I got turned on to haiku at Knox. I was a creative writing major so I was writing all the time—long poems, mostly, focusing on rhythm and structure. Sheryl St. Germain was the poet in residence when I was there, and she gave me a book, The Essential Haiku: Versions of Basho, Buson, & Issa by Robert Hass. She had studied under him and passed his work on to me. When I first started looking at it, it immediately blew my mind. It was the first time I had seen haiku not written in 5-7-5 and I was floored. I started writing haiku but I couldn’t find ways to learn more about it (this was pre-Google days), so I put it aside until 2009 when it resurfaced and I got back into it. Four chapbooks and two full-length collections later, it’s the only thing I read and write now.
Tell us a bit about your writing process.
For me, the process is so much more important than the end product. I start by sitting down, in my reading chair or a pub or a park or someplace I can sit by myself and observe. And I have things with me to read—a poetry anthology, the latest issue of a journal. I read to quiet my brain. It helps me get out of my own head and helps me become attuned to receive and be aware of haiku moments. I start reading and lo and behold, something catches my eye or my ear, and I’ll write a line, and then I think, okay, where does this go? How do I build this moment? And then I’m off and running. Sometimes it leads to six or seven poems I could submit. Sometimes I end up with six or seven horrible poems. Sometimes there’s no writing, just a lot of reading. I am committed to the process, so I sit down every day and try to create these raw materials that I can then later refine and refine and refine until they are just right.
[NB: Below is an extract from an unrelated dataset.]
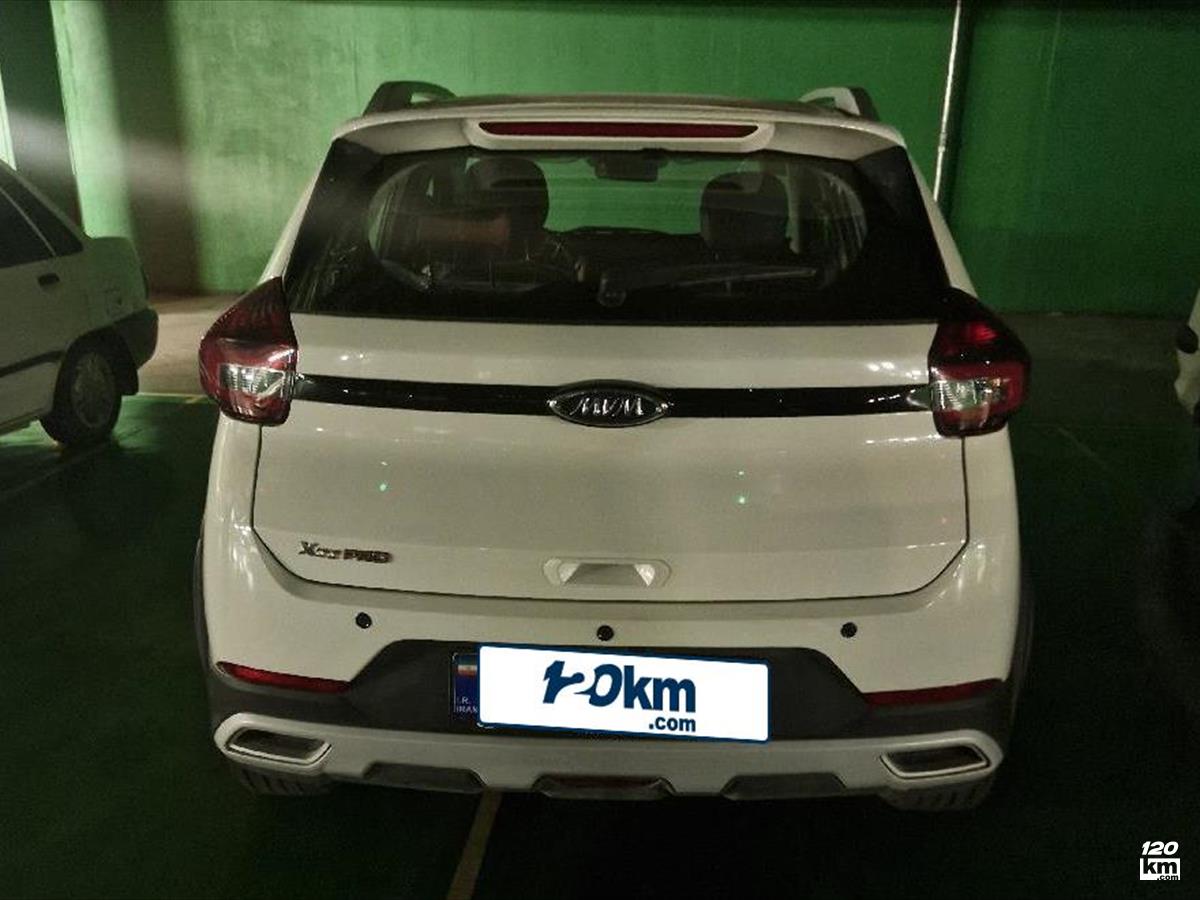 فروش ام وی ام X22 اسپرت لاکچری ۱۴۰۴ سفید بدون رنگ زنجان ابهر (۱۰ آبان ۱۴۰۴)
Early on, when I started to look into this seriously, I made the decision to get good at it, to go all in. I started with micro-goals. One of them was to pick three or four poetry journals and try to get something published in every issue of every journal. That meant that I had to subscribe to journals, read every issue, and have a stack of poems available when submission guidelines came out. I built in a process of reading and writing and submitting for those journals. And I started to have success—four journals became 15 journals, and now it’s just part of what I do during the week. When I get to a point where I have a lot of published poems, I start to think about finding a home for them. It happens pretty organically.
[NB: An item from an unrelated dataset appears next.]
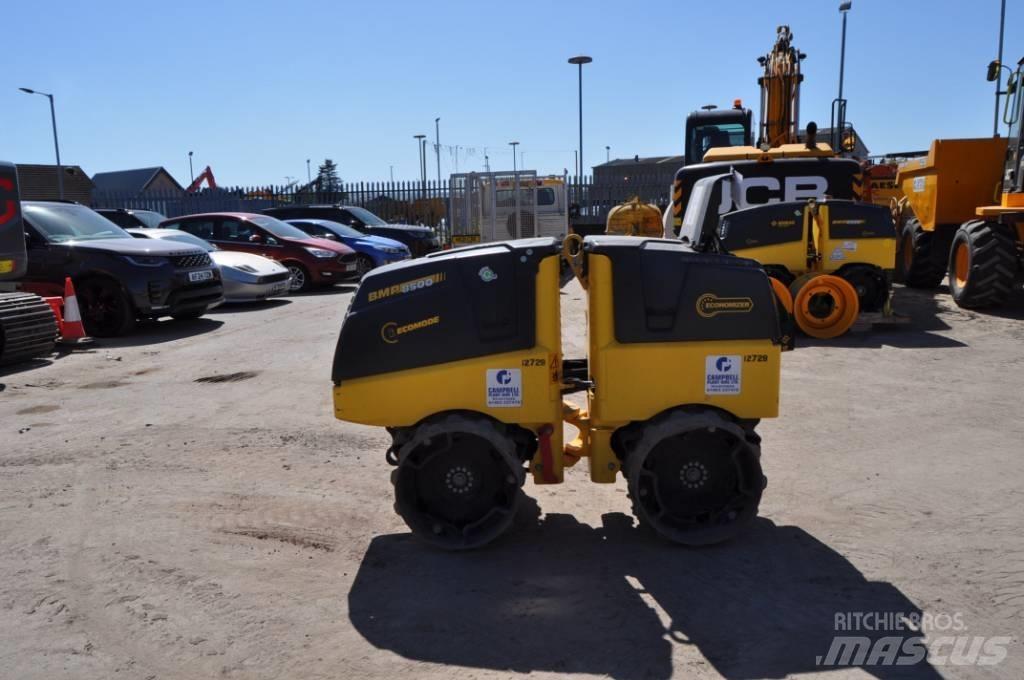 Bomag TRENCH ROLLER Diğer silindirler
How is haiku different from other types of writing?
When most people hear the term haiku, they think of a template, three lines with a set number of syllables (5-7-5). That’s all fine and good but the heart of a haiku is that it captures a moment that happens in real time, in the present tense. Every time you read the poem, you are experiencing that moment live, in person. And the reason why I read other people’s work to get out of my own head is because a haiku doesn’t belong to the poet per se. When I’m doing my job as a haiku poet, you don’t see me in the poem. The poem isn’t complete until somebody other than the poet reads the work. The way they are constructed gives you just enough info to step into that moment. They allow you to fill in the details and white space around that poem with things from your own life. I love writing in this form because it’s not about me; it’s about the collective experience of being human on this planet.
What would you tell aspiring poets?
You can be a writer but writing doesn’t have to be your career. Writing poetry isn’t my full-time job. I think of it as my vocation, like a calling. My day job in IT gives me the freedom to be able to do all of this on my own time. And I can set my own cadence and determine my own roadmap. I would tell aspiring poets that you can make your own path. You don’t have to teach. You don’t have to get an MFA. You don’t have to go to school for creative writing.
I honestly think part of why this stays fun is because it’s not my full-time job. It does require a lot of seriousness, a lot of focus, and a lot of commitment. There’s more to it than just being inspired and writing the words down. You have to write and then write some more. It’s about writing a lot. And being able to recognize things that might have a chance. Focus on the process, not the product.
Ben Gaa is your friendly neighborhood haiku poet and host of Haiku Talk on YouTube. He’s the author of two full-length collections of haiku and senryu. With more than 1,200 haiku and senryu published in journals and anthologies around the globe, he enjoys both giving and attending poetry readings, conducting haiku workshops, and being a part of the literary conversation. Ben works as an IT functional analyst and lives in St. Louis, Missouri, with his rascal of a cat, Anastasia.